One distincitive voice in this discussion is that of S. Symeon the New Theologian (949-1022), an unconventional monk who was a subtle inheritor of the traditions of Origen, Evagrius and Pseudo-Dionysius, who had his own fair share of controversy over this matter. He taught that anyone could be the recipient of an experience of divine light in this world, not only those who had striven for it through ascetical struggle. Indeed, it is the will of God that all his children should experience the transfiguring light of his mercy. The human being is not, however, without agency in this matter. Indeed, he was clear that we will not experience this divine illumining unless we desire it and unless we undergo a metanoia, a repentance. So, although Symeon may seem like one who undermines the notion of a pattern of staged progress towards being united with God in love, a path of ascent towards our theosis, there is ‘work’ to be done by the human person, and that is the ‘work’ of desiring God and turning towards him, the one who is already there for us.

Fr John McGuckin’s excellent article on Symeon’s Hymns of Divine Eros summarises his spiritual teaching in this way:

Symeon’s great contribution to Christian spirituality, therefore, is how the incomprehensibility of God is defended not by insisting on God’s inscrutable absence from the earthly creation, but by celebrating the manner in which an incomprehsibly deep mercy reaches into the heart of alienation and returns the human soul to its correct purposes: the vision of the Creator. [in the 3rd volume of his collected essays, Illumined by the Spirit, SVS Press, 2017]

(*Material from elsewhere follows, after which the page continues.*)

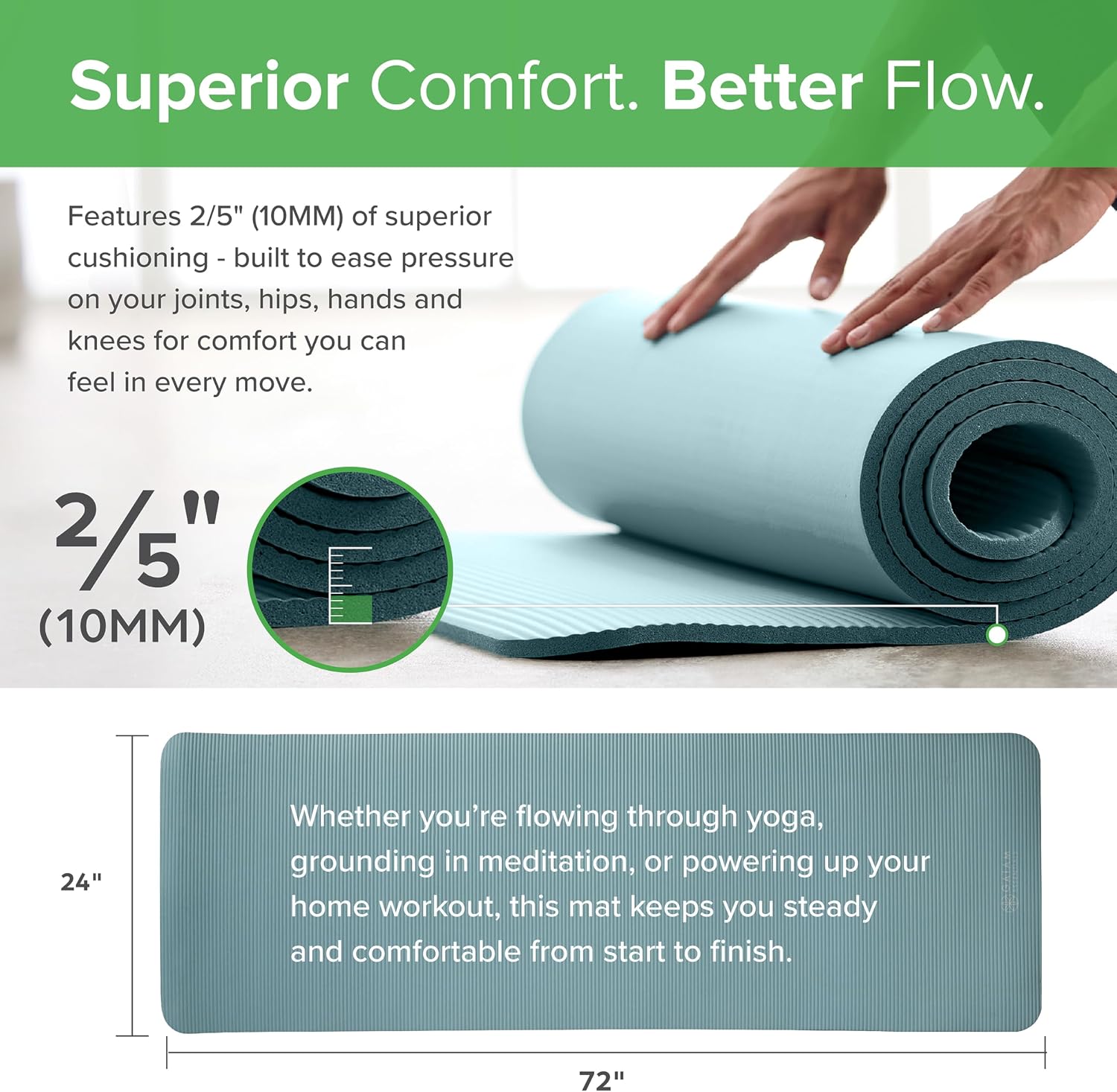 Thick Yoga Mat, Exercise & Fitness Mat with Easy-Cinch Carrying Strap | Non-Slip NBR Foam | Joint Cushioning | Yoga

Symeon writes from the perspective of one who has experienced the divine light and who wishes others to feel that presence for themselves. It requires only readiness. I guess that, for some of us, that state of readiness entails a little more work than for others, as there may be all kinds of barriers in the way of that desire. But God is not out of reach!

When we try to speak of how it is that we enter into a life-giving encounter with God, we draw on our own experiences, as Symeon did, but also on the collective and accumulative experiences of our ancestors in the faith and on the paradigmatic words of Scripture. It is a process we can describe only haltingly, as we are speaking of things we are not able fully to voice. In these accounts, there are many repeated patterns and common threads, but there are also singular examples that don’t fit any mould. This should not surprise us, as we are all different, but there are two general truths we can affirm: God takes the initiative; God usually works with us. With Symeon, I would affirm a third: God desires that we experience his transfiguring light in this life.